Produce a verbatim copy of the following records, leaving out all pictures.

____

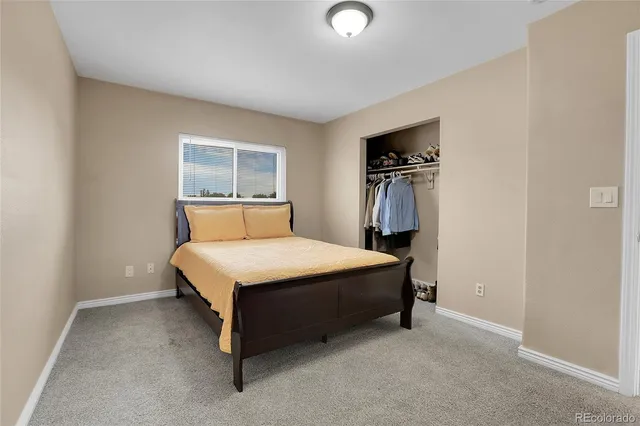 a bedroom with a bed and a tv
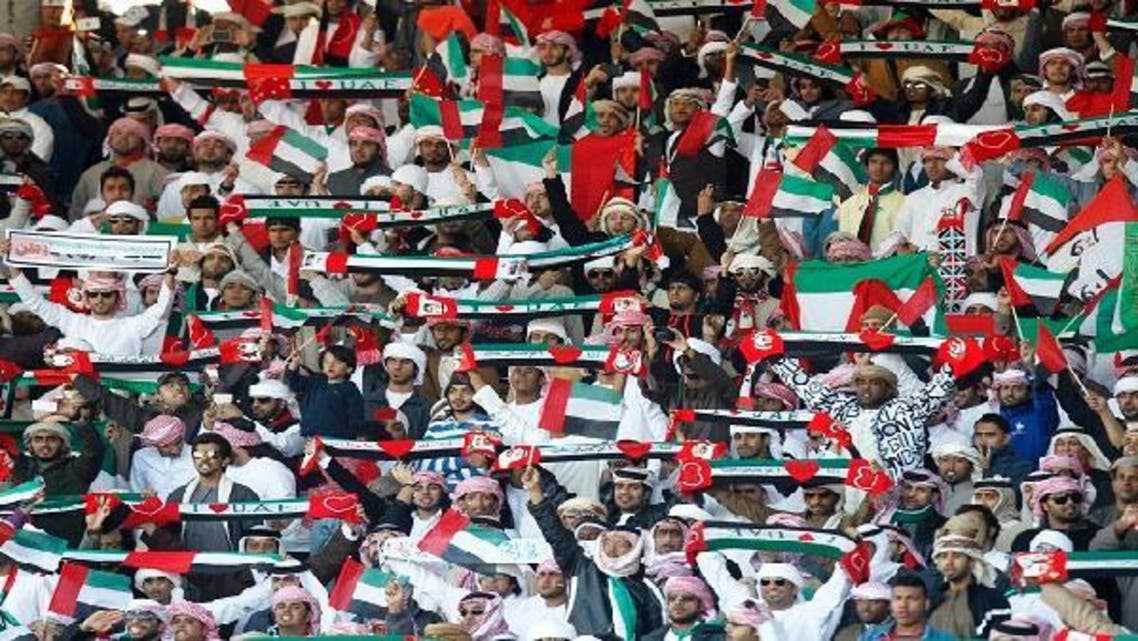 UAE fans cheer their team during their match against Kuwait at the Gulf Cup Tournament semi-final soccer match in Isa Town, Jan. 15, 2013. (Reuters)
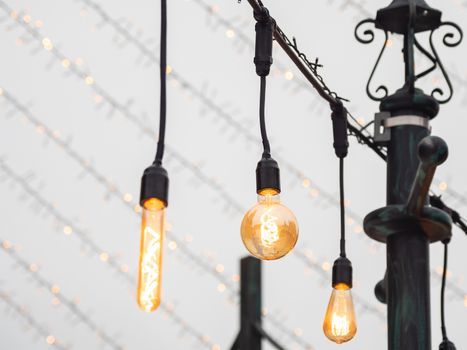Vintage light bulbs with glower filament. Incandescent retro design. Outdoor decoration for New Year and Christmas celebration. Moscow, Russia.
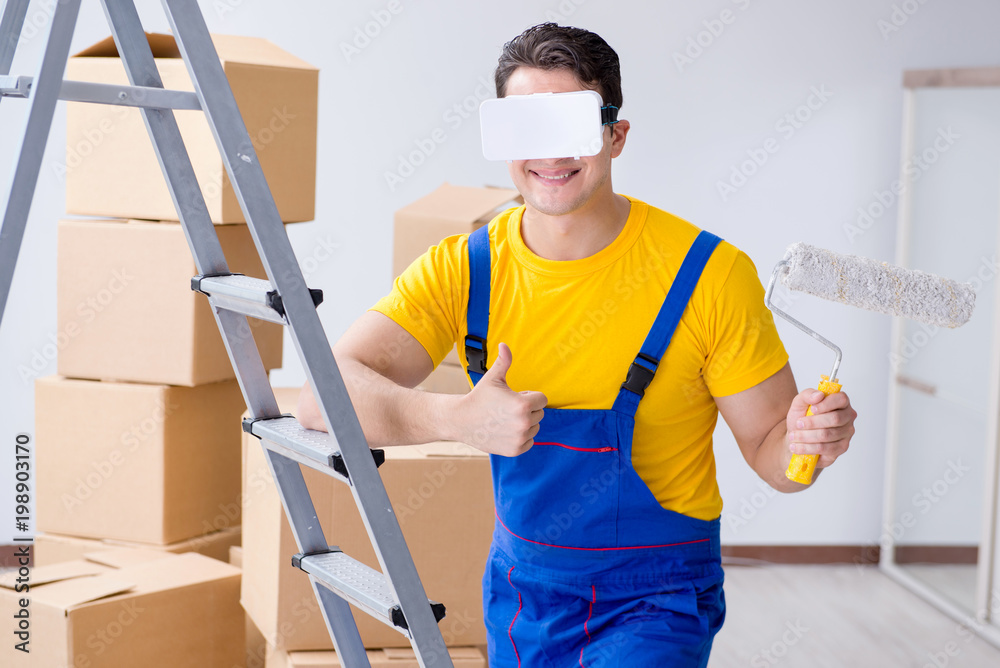 Painter contractor working with virtual reality goggles Painter contractor working with virtual reality goggles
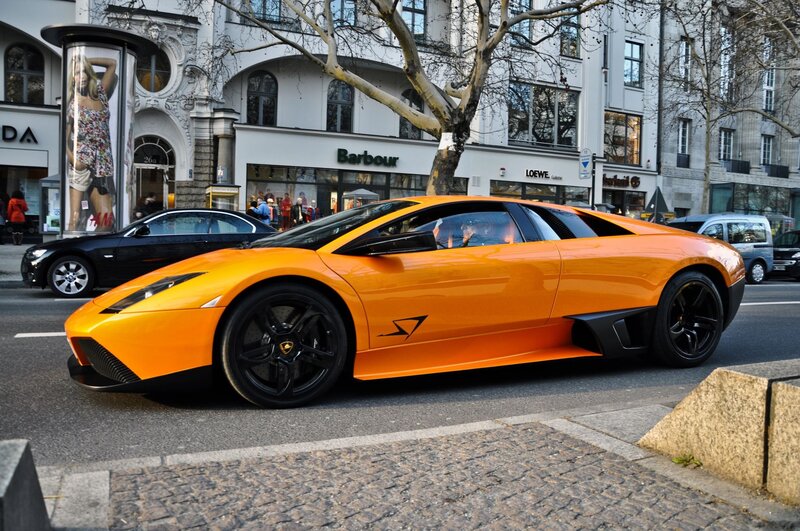 Orange Sports Car — Urban, Afternoon, Photograph, Black Sedan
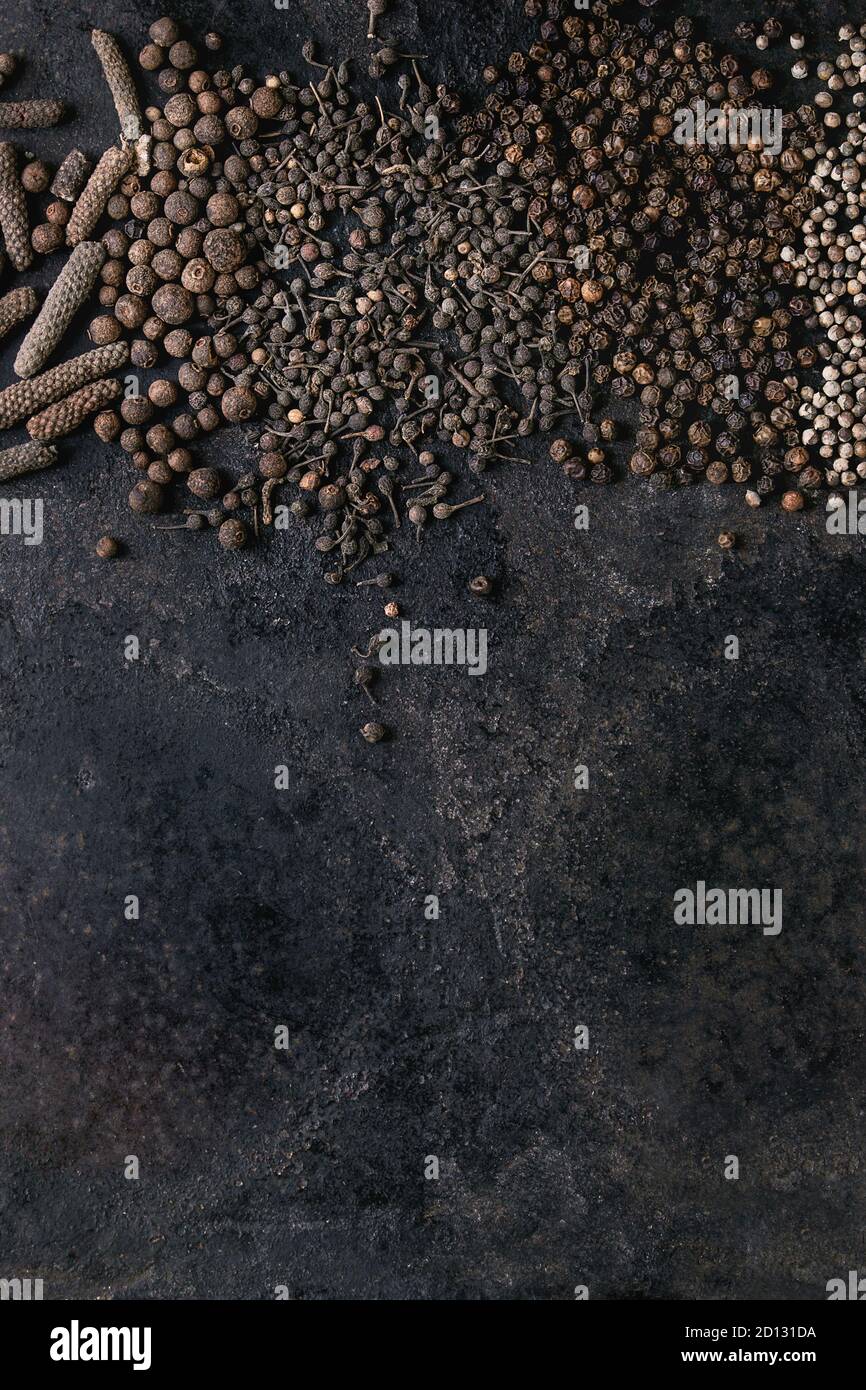 Vielfalt an verschiedenen schwarzen Paprika Allspice, Pimento, langer Pfeffer, Mönche Pfeffer, Pfefferkörner über alten schwarzen Eisen Textur Oberfläche. Hintergrund für das Essen. Oben Stockfoto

____

**SOLUTION TO THIS TASK**:
 a bedroom with a bed and a tv
 UAE fans cheer their team during their match against Kuwait at the Gulf Cup Tournament semi-final soccer match in Isa Town, Jan. 15, 2013. (Reuters)
Vintage light bulbs with glower filament. Incandescent retro design. Outdoor decoration for New Year and Christmas celebration. Moscow, Russia.
 Painter contractor working with virtual reality goggles Painter contractor working with virtual reality goggles
 Orange Sports Car — Urban, Afternoon, Photograph, Black Sedan
 Vielfalt an verschiedenen schwarzen Paprika Allspice, Pimento, langer Pfeffer, Mönche Pfeffer, Pfefferkörner über alten schwarzen Eisen Textur Oberfläche. Hintergrund für das Essen. Oben Stockfoto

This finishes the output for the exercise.